What to produce: Transcribe all the lines below exactly. Omit the pictures.

Source material:
● ● ●

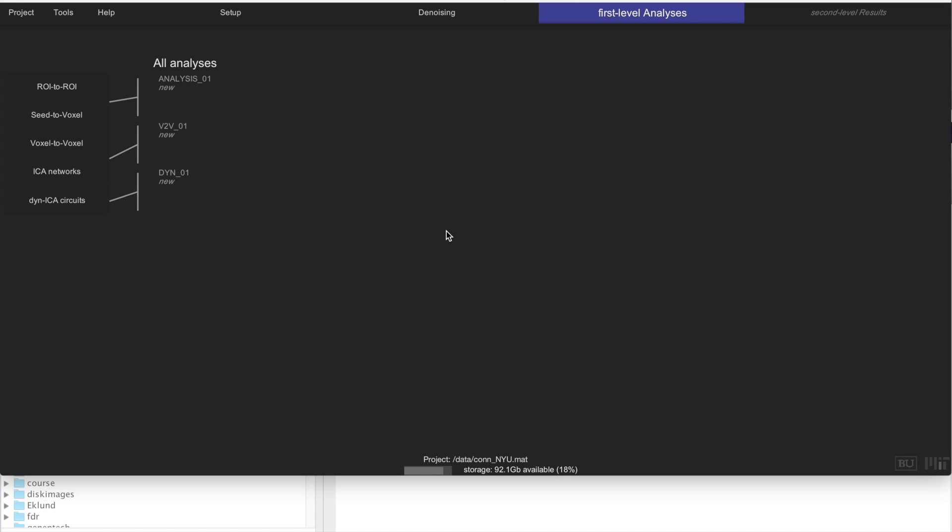Hi, recap first. If you remember, we have downloaded the NYU dataset in previous videos of this series and we have imported that into CONN and reprocessed that data and denoised it. So we are now ready to run first-level analysis.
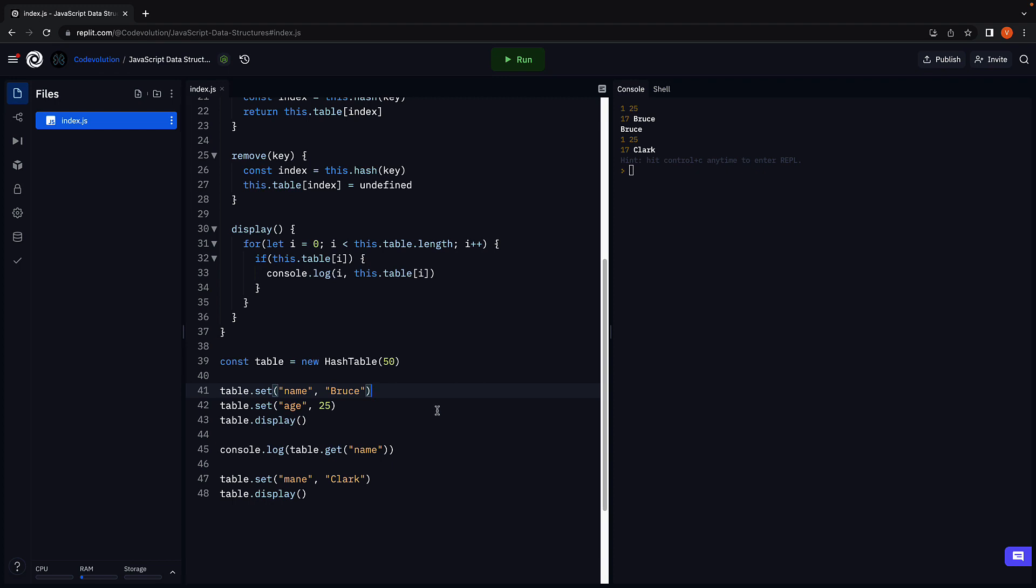This is called a collision and needs to be handled in our implementation. Let's learn how to do that in the next video. Thank you for watching. Please do consider subscribing to the channel, and I will see you in the next one.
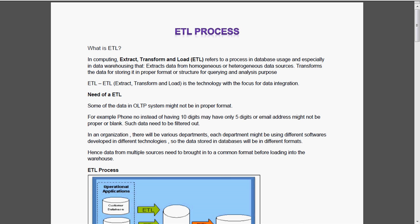I have already told you in an organization there will be several departments. Each and every department is having its own software which is developed in different technologies. So the data stored in the database will be in different formats. But we need everything in a single format, that is the common format. Hence the data from multiple sources needs to be brought into a common format before loading into the data warehouse. So we need ETL.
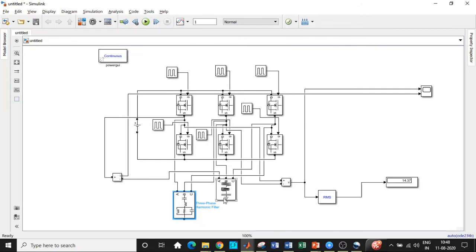I've only given a demo of how selective harmonic elimination can be done for a three-phase voltage source inverter, but it can be applied to rectifiers as well based on your design requirements. That's it for today — if you like this video, please do like it, share it, and subscribe to our channel for regular updates. If you have any questions, type them in the comment section below. Thanks for watching and keep supporting!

● ● ●

Response:
Hi, recap first. If you remember, we have downloaded the NYU dataset in previous videos of this series and we have imported that into CONN and reprocessed that data and denoised it. So we are now ready to run first-level analysis.
This is called a collision and needs to be handled in our implementation. Let's learn how to do that in the next video. Thank you for watching. Please do consider subscribing to the channel, and I will see you in the next one.
I have already told you in an organization there will be several departments. Each and every department is having its own software which is developed in different technologies. So the data stored in the database will be in different formats. But we need everything in a single format, that is the common format. Hence the data from multiple sources needs to be brought into a common format before loading into the data warehouse. So we need ETL.
I've only given a demo of how selective harmonic elimination can be done for a three-phase voltage source inverter, but it can be applied to rectifiers as well based on your design requirements. That's it for today — if you like this video, please do like it, share it, and subscribe to our channel for regular updates. If you have any questions, type them in the comment section below. Thanks for watching and keep supporting!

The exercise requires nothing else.